Given entries >>
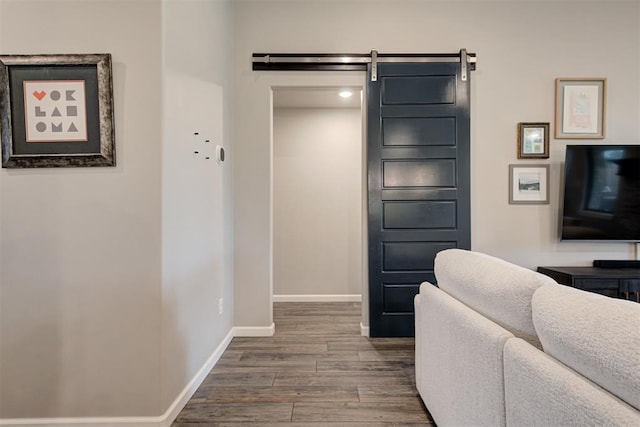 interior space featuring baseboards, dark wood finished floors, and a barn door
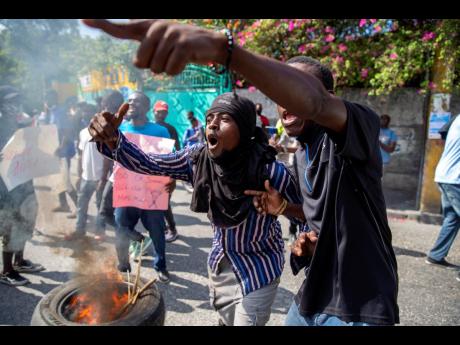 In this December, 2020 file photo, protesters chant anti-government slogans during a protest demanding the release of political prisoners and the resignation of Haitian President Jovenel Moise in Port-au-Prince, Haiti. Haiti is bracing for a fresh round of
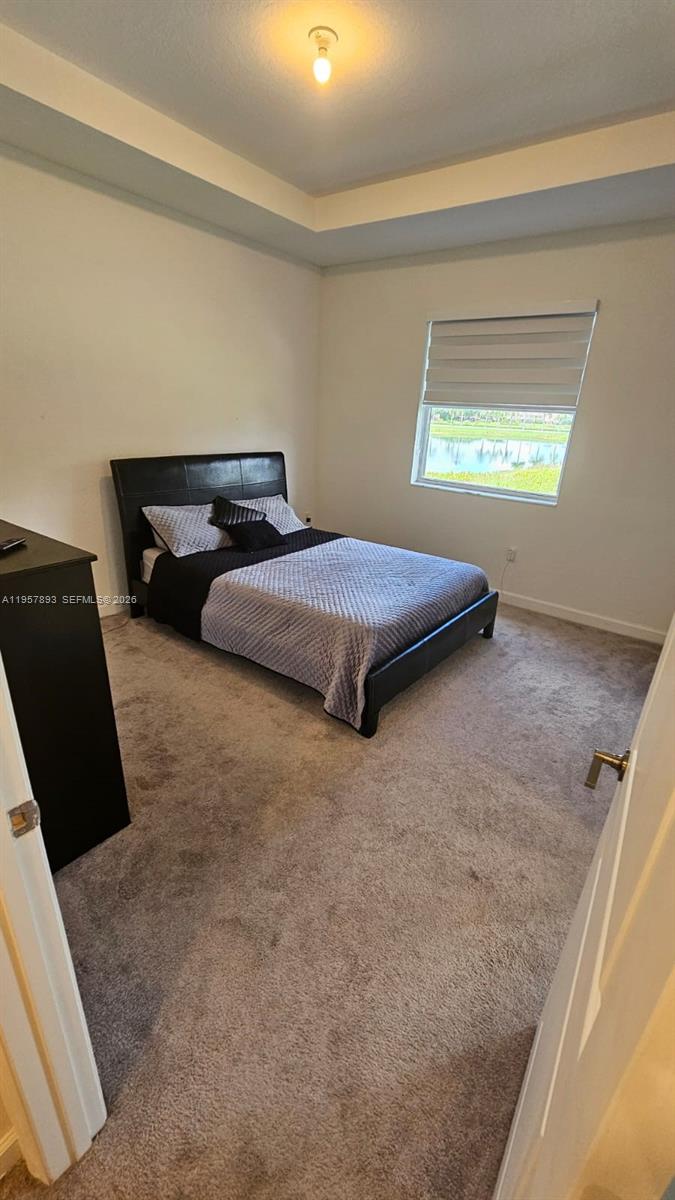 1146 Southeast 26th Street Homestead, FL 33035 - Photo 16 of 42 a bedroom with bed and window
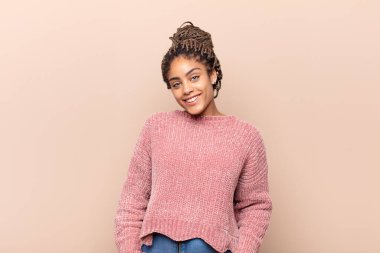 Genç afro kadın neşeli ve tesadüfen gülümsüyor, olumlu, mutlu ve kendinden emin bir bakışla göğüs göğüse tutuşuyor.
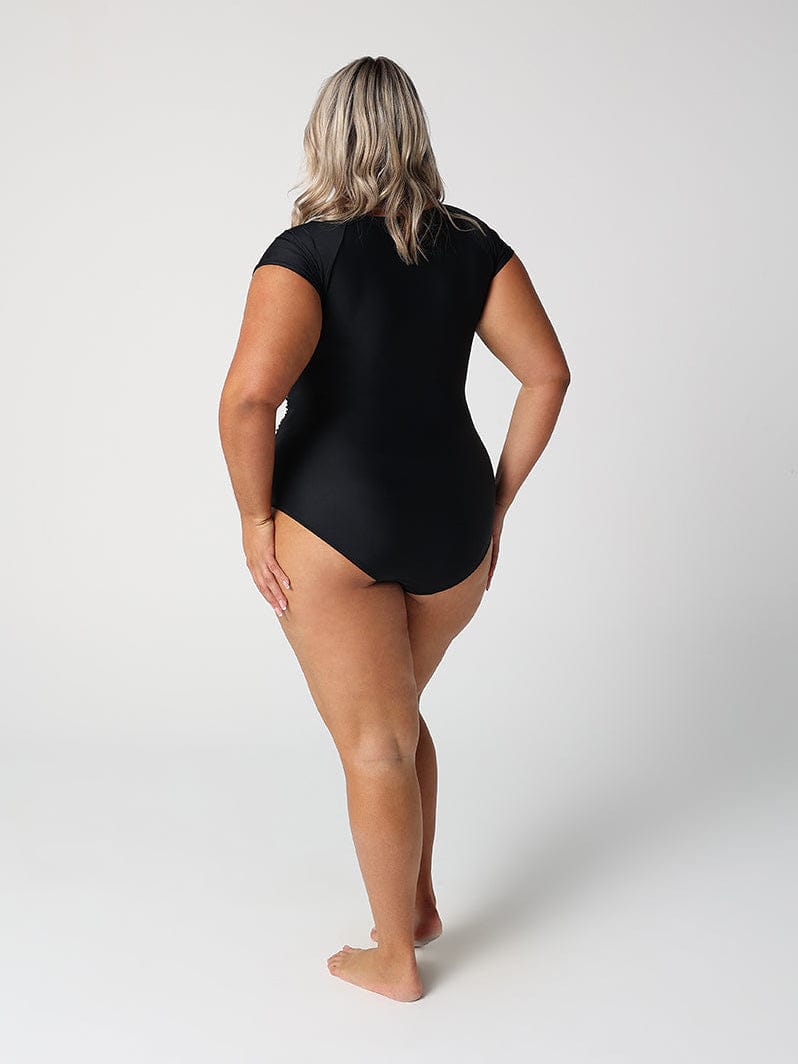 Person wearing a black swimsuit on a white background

What you have to do >> Only the pictures stay out; everything else in the listing above must be repeated exactly.

Completed task >>
 interior space featuring baseboards, dark wood finished floors, and a barn door
 In this December, 2020 file photo, protesters chant anti-government slogans during a protest demanding the release of political prisoners and the resignation of Haitian President Jovenel Moise in Port-au-Prince, Haiti. Haiti is bracing for a fresh round of
 1146 Southeast 26th Street Homestead, FL 33035 - Photo 16 of 42 a bedroom with bed and window
 Genç afro kadın neşeli ve tesadüfen gülümsüyor, olumlu, mutlu ve kendinden emin bir bakışla göğüs göğüse tutuşuyor.
 Person wearing a black swimsuit on a white background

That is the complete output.